Excuse me. If THEY had one stinkin' ounce of courage they would fight for their own families, their own land.
"A lot more courage than a pussy like you has ever demonstrated".
Well, Bucko, I personally went half way round the world to fight for people I didn't even know, for a land that wasn't even mine.
Again, I say that if THEY won't fight for THEIR OWN COUNTRY, they are cowardly scum that do not deserve to breathe the free air of the United States.

Note: edited to correct spelling


----------



## SOCOM42 (Nov 9, 2012)

Right on! Worth repeating



rice paddy daddy said:


> excuse me. If they had once stinkin' ounce of courage they would fight for their own families, their own land.
> "a lot more courage than a pussy like you has ever demonstrated".
> Well, bucko, i personally went half way round the world to fight for people i didn't even know, for a land that wasn't even mine.
> Again, i say that if they won't fight for their own country, they are cowardly scum that do not deserve to breathe the free air of the united states.


!


----------



## SOCOM42 (Nov 9, 2012)

Worth repeating again!



rice paddy daddy said:


> excuse me. If they had once stinkin' ounce of courage they would fight for their own families, their own land.
> "a lot more courage than a pussy like you has ever demonstrated".
> Well, bucko, i personally went half way round the world to fight for people i didn't even know, for a land that wasn't even mine.
> Again, i say that if they won't fight for their own country, they are cowardly scum that do not deserve to breathe the free air of the united states.


----------



## SOCOM42 (Nov 9, 2012)

For the most part those bastards are wimp asses that use IED's, and will only engage in open combat when they have a 10-1 ratio advantage.
They are brave pieces of shit when they can kill unarmed civilians. Like in paris.
Like any roach, they need to be exterminated.


----------



## Gunner's Mate (Aug 13, 2013)

Interesting that the whole of the middle east and N. Africa dont want their muslim brother refugees, Just Sayin


----------



## NotTooProudToHide (Nov 3, 2013)

I see this remains a fiercely debated topic even here.

I agree with RalphRotten in that we should do what we can to help some people that have come from hell and back caught between a brutal dictator who kills everybody who doesn't support him and a brutal terrorist group that kills everybody who doesn't share their beliefs and forces people to join their ranks. If I had the misfortune to be born in Syria there is no doubt I would be trying to get the hell out.

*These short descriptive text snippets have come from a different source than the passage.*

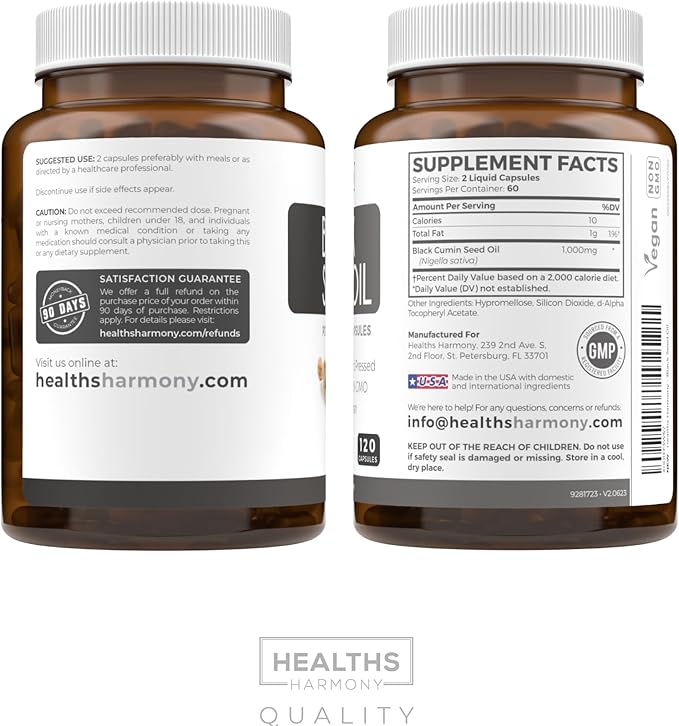 Black Seed Oil 120 Softgel 500mg Each, 1000mg Per 2 Capsule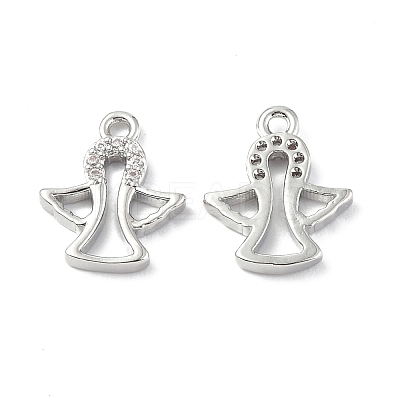 Brass Micro Pave Clear Cubic Zirconia Charms KK-E068-VF259-1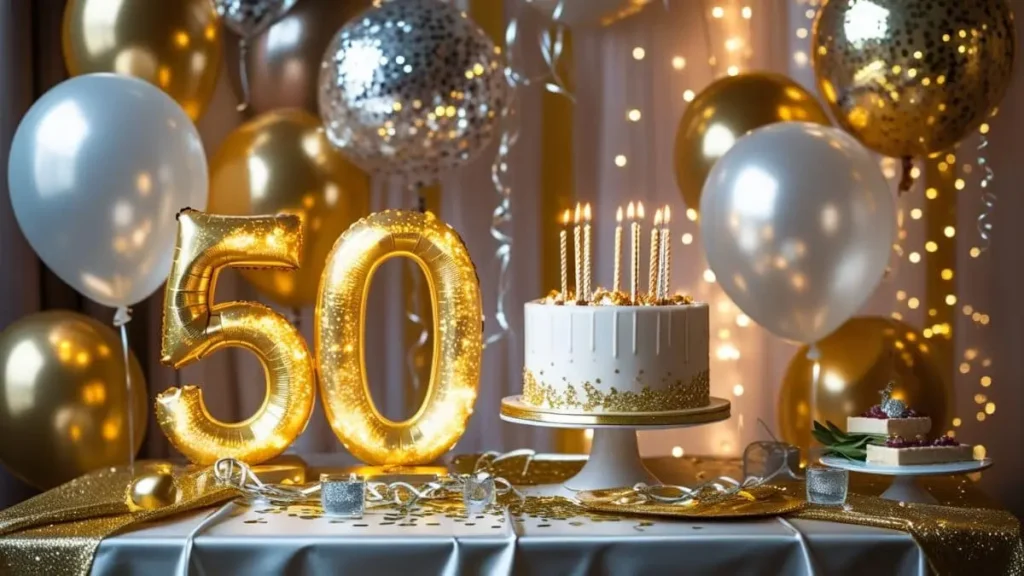 A golden birthday cake adorned with the number 50 on top, celebrating a milestone birthday.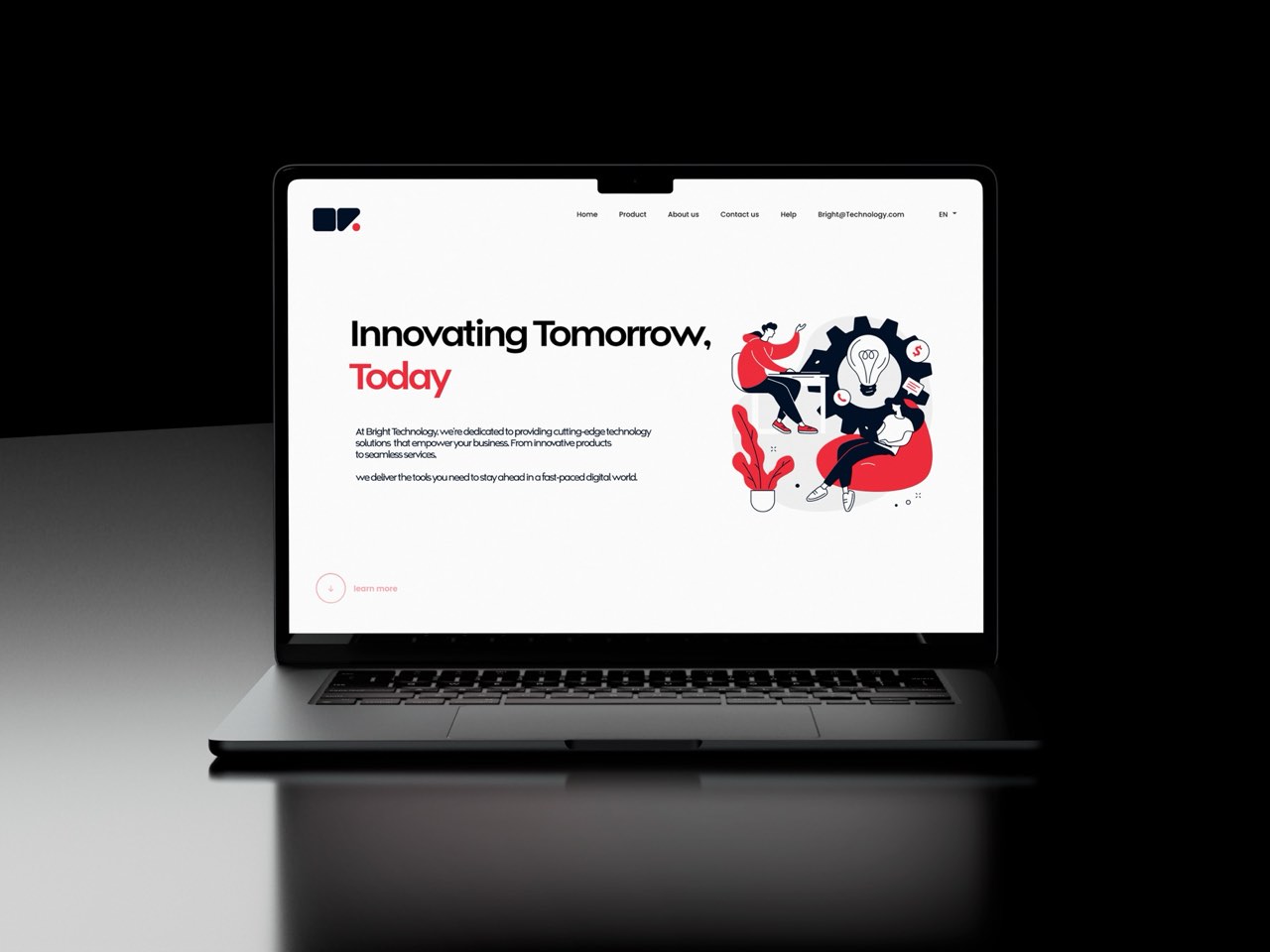 Bright — website on laptop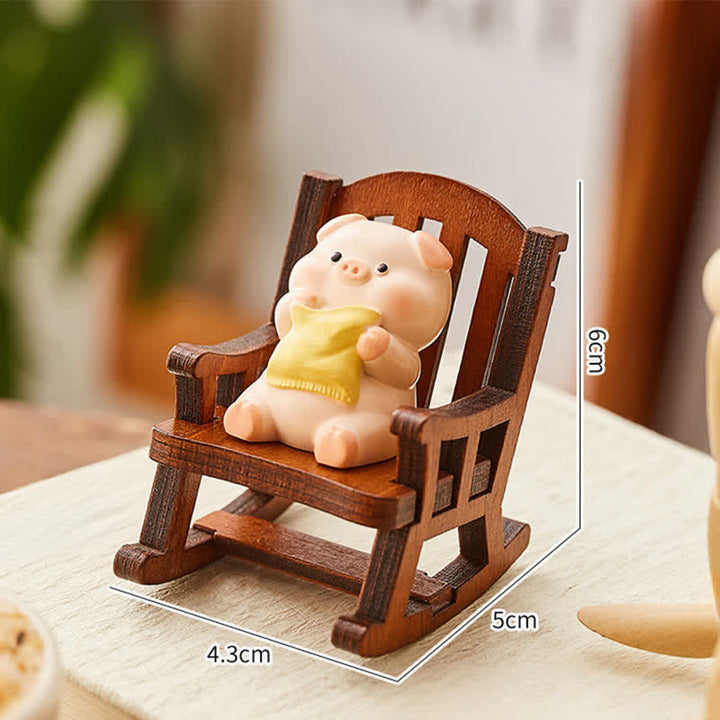 Buddha Stones Fauteuil à bascule en résine, motif animal kawaii, décoration de bureau confortable - Cochon - Résine (Protection ♥ Stabilité Énergie) - image 12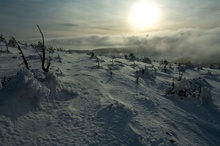 Riesengebirge in Eis erstarrt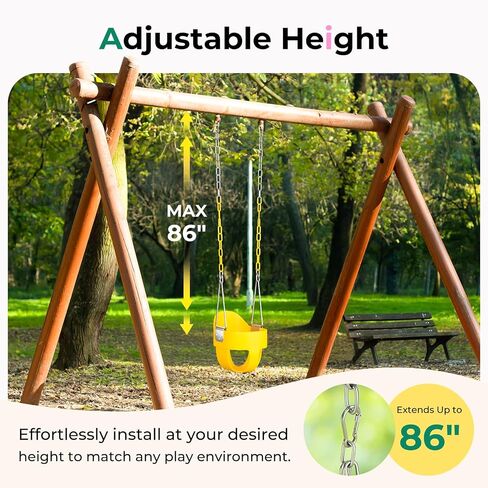 DECORLIFE Toddler Swing, Baby Swing Outdoor –High Back Full Bucket Swing Set, 330lb Capacity, Safety Design, Plastic-Coated Chains and Quick-Snap Carabiners for Backyard, Playground in Kuwait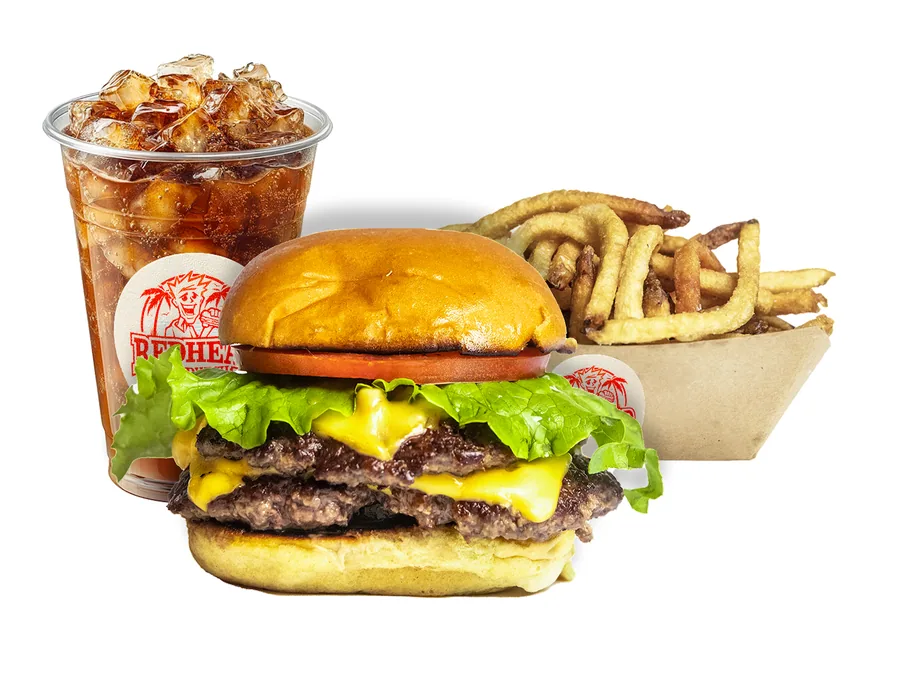 Double cheeseburger served with house-cut fries and a drink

That being said, the UN screening process is a joke, see Paris for further. Our government has an obligation to keep us safe, its part of the social contract between a government and its people. Personally I don't think an FBI background check is a terrible price to pay for admission into the United States without a doubt the best nation on planet Earth to live in. I would take things a step further and have all refugees initially housed in a refugee center where they would be fed/clothed/given medical care/basically be given all the necessary amenities but they would not be allowed to leave said center for period of time based on the findings of the FBI background check. When they are allowed to leave and resettle the population should be broken up so that there is no major concentration. Families would be kept together but that would be the extent, and no communication devices would be allowed until they reached their destination and the refugees would not be told in advanced of where they are going. Once resettled there should be some kind of ongoing monitoring/check in process similar to probation/parole for a period of time. After which the person/family should be considered vetted and allowed to pursue citizenship if they want. Ive let others know my opinion and I've been told what a terrible violation of civil rights this is, but I think it allows people to escape a hell hole to the best and most prosperous nation on earth while giving some level of protection to US citizens from those that would mean them harm. Its not a perfect system but we live in an imperfect world right now which is why I and I suspect many of you conceal carry on a daily basis.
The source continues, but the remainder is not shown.